Aunque el hummus se puede comprar ya hecho, lo cierto es que es una receta particularmente sencilla y que no necesita demasiado misterio gastronómico. No deja de ser una pasta de garbanzos que, con la adición de tahini —pasta de sésamo— y aceite de oliva, acaba teniendo una textura cremosa. Muy popular como untable y uno de los platos estrella de la cocina de Oriente Medio, el hummus es un dechado de virtudes.

Primero, por tener garbanzos, una buena fuente de proteína de origen vegetal, además de una cantidad nada desdeñable de fibra y una capacidad interesante para ayudar a controlar el pico glucémico.

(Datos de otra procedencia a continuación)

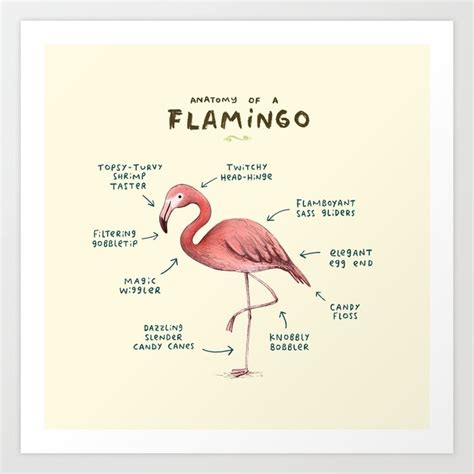 Anatomy Of A Flamingo Art Print By Sophie Corrigan Society6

A eso hay que añadir la presencia de grasas insaturadas y saludables, como las de la pasta de sésamo y las del aceite de oliva. Luego, si a la ecuación le incorporamos que es rápido, fresco y fácil de transportar, nos sale uno de los protagonistas del verano.

La parte mala, como indicó Boticaria García, está en que esa fibra que se fermenta puede ser particularmente combativa en personas con problemas digestivos. Quienes padecen SIBO, síndrome del intestino irritable o predisposición a la distensión abdominal pueden sufrir las consecuencias. Además, aunque no sea su peor baza, es un alimento calórico al incorporar aceite de oliva y tahini, por lo que no conviene pasarse con su ingesta, aunque se trate de grasas saludables.